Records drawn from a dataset
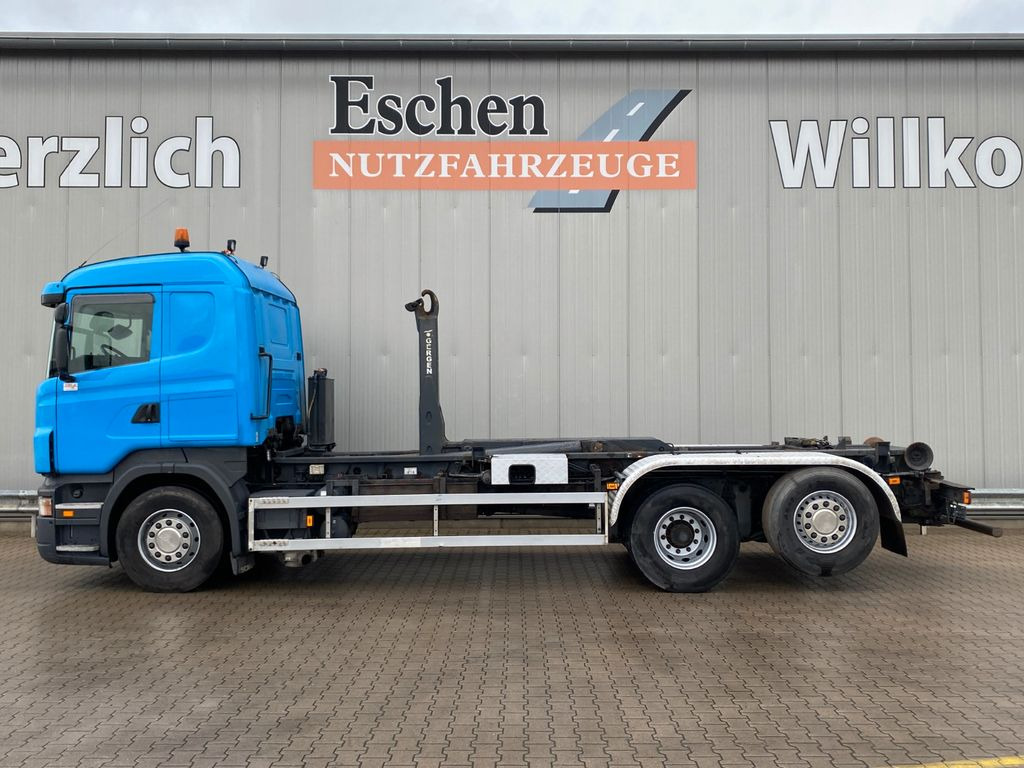 Scania R480|Gergen GRK 20.750*Retarder*Opticruise*Klima - Camión multibasculante: foto 3 Scania R480|Gergen GRK 20.750*Retarder*Opticruise*Klima - Camión multibasculante: foto 3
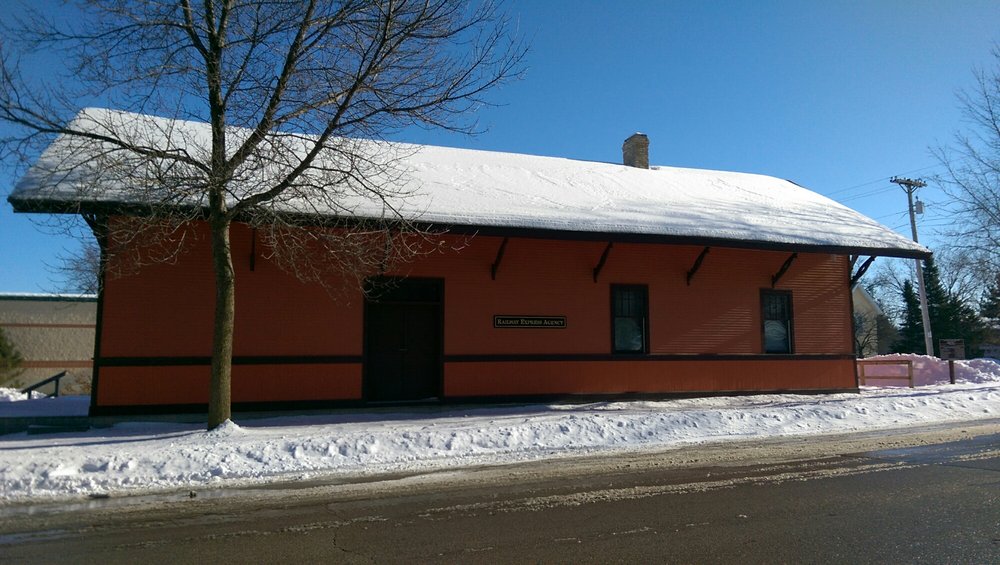 DEFOREST AREA HISTORICAL SOCIETY 203 Library S, DeForest, Wisconsin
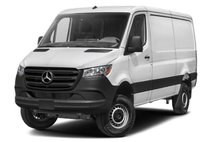 2025 Mercedes-Benz Sprinter 2500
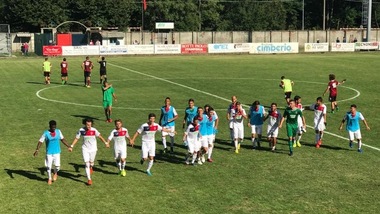 Serie D - Derby della Cremosina al Gozzano, Carboni gela il Borgosesia
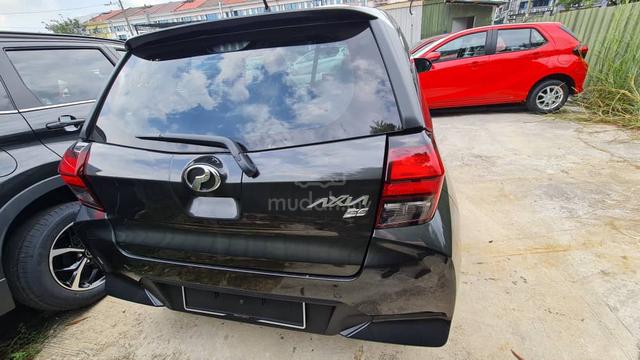 2026 Perodua AXIA SE 1.0 AUTO - 4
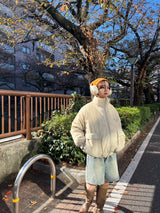 Nakawata Check Blouson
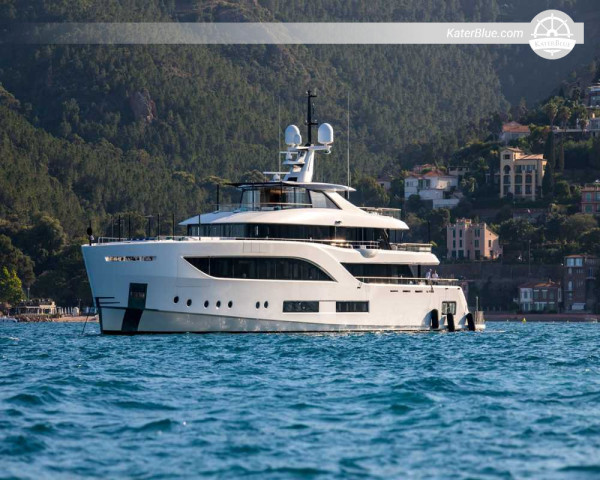 13-Day Crewed Luxury Yacht Charter from Brest to Spain via Brittany, Normandy and France’s Atlantic Coast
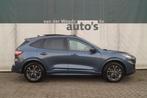 Ford Kuga 2.5 PHEV ST-Line X -PANO-NAVI-ECC-PDC- (bj 2021), Automaat, 14 kWh, Gebruikt, Euro 6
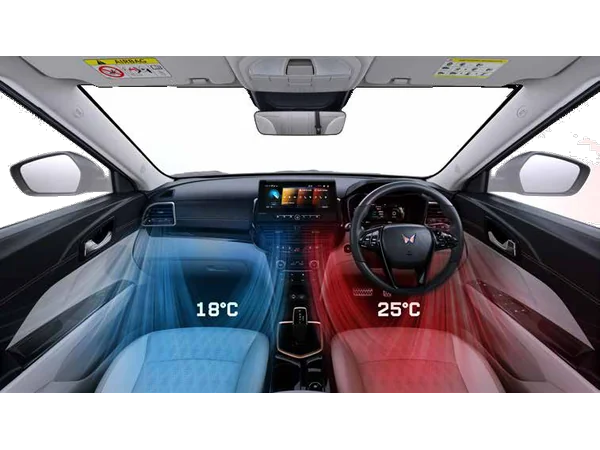mahindra xuv 3xo ev xuv-3xo-ev-ax7-l-394-kwh-with-charger interior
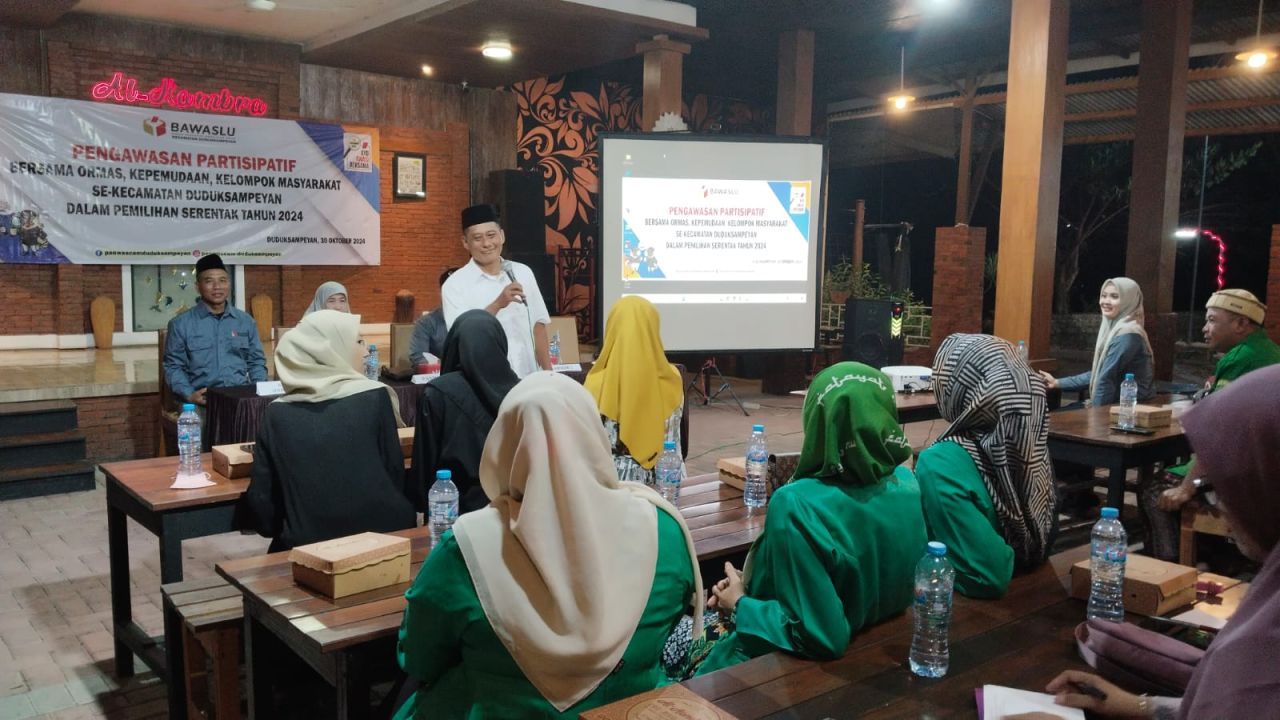 Mantan Panwascam dan PPK Beberkan Pelanggaran Yang Mungkin Terjadi Pada Pilkada 2024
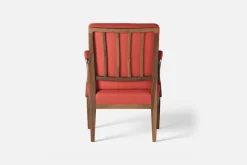 Fåtöljer|Karmstolar*Josef Frank Karmstol 868 Vägen, Orange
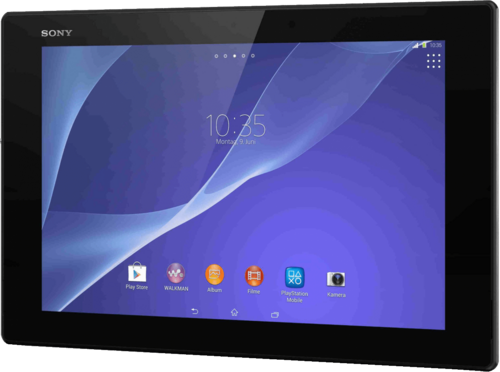 Sony Xperia Tablet Z2 LTE (castor)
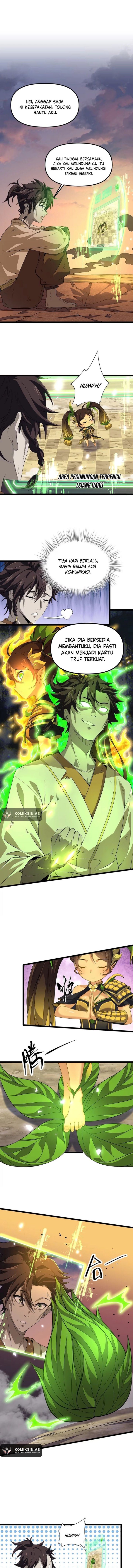 Starting as a Small Zombie, I Cultivate to Immortality by Growing Plants Chapter 11 Gambar 2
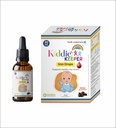 Iron Drops for Infants | Supports Healthy Iron Levels, Growth & Energy | Chocolate Flavour | FSSAI Approved | Baby Health Supplement | 30 Ml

EXERCISE:
Leave every picture out, and repeat exactly the lines from the one containing "2026 Perodua AXIA SE 1.0 AUTO - 4" through the last line of the entries, both ends included.

RESULT FOR THIS TASK:
 2026 Perodua AXIA SE 1.0 AUTO - 4
 Nakawata Check Blouson
 13-Day Crewed Luxury Yacht Charter from Brest to Spain via Brittany, Normandy and France’s Atlantic Coast
 Ford Kuga 2.5 PHEV ST-Line X -PANO-NAVI-ECC-PDC- (bj 2021), Automaat, 14 kWh, Gebruikt, Euro 6
mahindra xuv 3xo ev xuv-3xo-ev-ax7-l-394-kwh-with-charger interior
 Mantan Panwascam dan PPK Beberkan Pelanggaran Yang Mungkin Terjadi Pada Pilkada 2024
 Fåtöljer|Karmstolar*Josef Frank Karmstol 868 Vägen, Orange
 Sony Xperia Tablet Z2 LTE (castor)
 Starting as a Small Zombie, I Cultivate to Immortality by Growing Plants Chapter 11 Gambar 2
 Iron Drops for Infants | Supports Healthy Iron Levels, Growth & Energy | Chocolate Flavour | FSSAI Approved | Baby Health Supplement | 30 Ml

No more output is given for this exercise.